About system and mysql, it was all on SDA, im now moved main database to sdb then symlinked it to /sda/mysqldirectory/data/ nad its working as writed here [URL]http://dev.mysql.com/doc/refman/5.0/en/symbolic-links.html.[/URL] I can move all mysql to sdb but isn’t it be too much? i mean /sda/mysqldirectory/mysql-bin.000661 are quite big txt files accessed from slave throught network.

Below iostat after moving main database to sdb, but we will see under peak load later today.

avg-cpu: %user %nice %system %iowait %steal %idle 1.26 0.00 0.00 10.61 0.00 88.13 Device: rrqm/s wrqm/s r/s w/s rsec/s wsec/s avgrq-sz avgqu-sz await svctm %util sda 0.00 0.00 1.00 0.00 8.00 0.00 8.00 0.02 18.00 18.00 1.80 sdb 0.00 0.00 66.00 0.00 840.00 0.00 12.73 0.60 9.05 5.26 34.70

PS
Im very curious why WA going up like this on no load almost, could network overhead (web server (server 1) <==> mysql (server 2) causing WA or only hdd?

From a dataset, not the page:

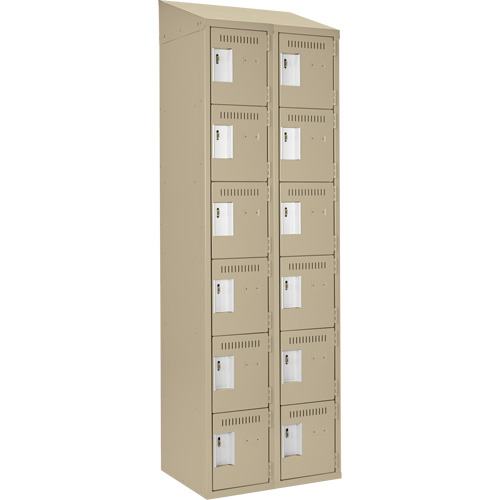 Clean Line Lockerette, 6 -tier, Bank of 2, 24" x 18" x 78", Steel, Beige, Rivet (Assembled) Pathway Supply LP
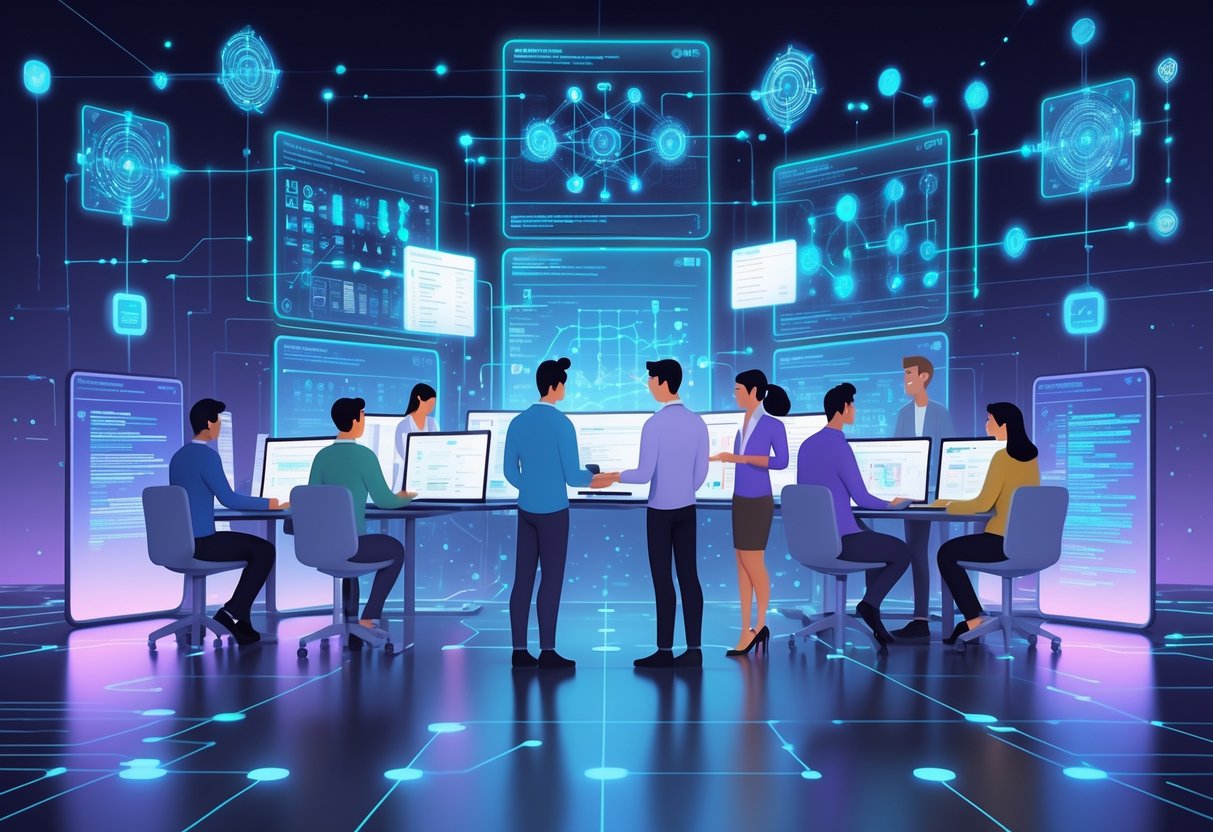 A group of analytics engineers collaborating around digital screens showing AI models and data visualizations in a high-tech workspace.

top - 02:45:38 up 273 days, 22:56, 1 user, load average: 0.09, 0.20, 0.43 Tasks: 105 total, 1 running, 103 sleeping, 0 stopped, 1 zombie Cpu0 : 2.0%us, 0.0%sy, 0.0%ni, 95.6%id, 2.4%wa, 0.0%hi, 0.0%si, 0.0%st Cpu1 : 0.3%us, 0.0%sy, 0.0%ni, 83.2%id, 16.5%wa, 0.0%hi, 0.0%si, 0.0%st Cpu2 : 0.0%us, 0.0%sy, 0.0%ni,100.0%id, 0.0%wa, 0.0%hi, 0.0%si, 0.0%st Cpu3 : 0.0%us, 0.0%sy, 0.0%ni,100.0%id, 0.0%wa, 0.0%hi, 0.0%si, 0.0%st Mem: 3973292k total, 3875892k used, 97400k free, 38128k buffers Swap: 4192956k total, 125476k used, 4067480k free, 2426856k cached

Improve your database so it needs less disk i/o or install (slc) ssd’s instead.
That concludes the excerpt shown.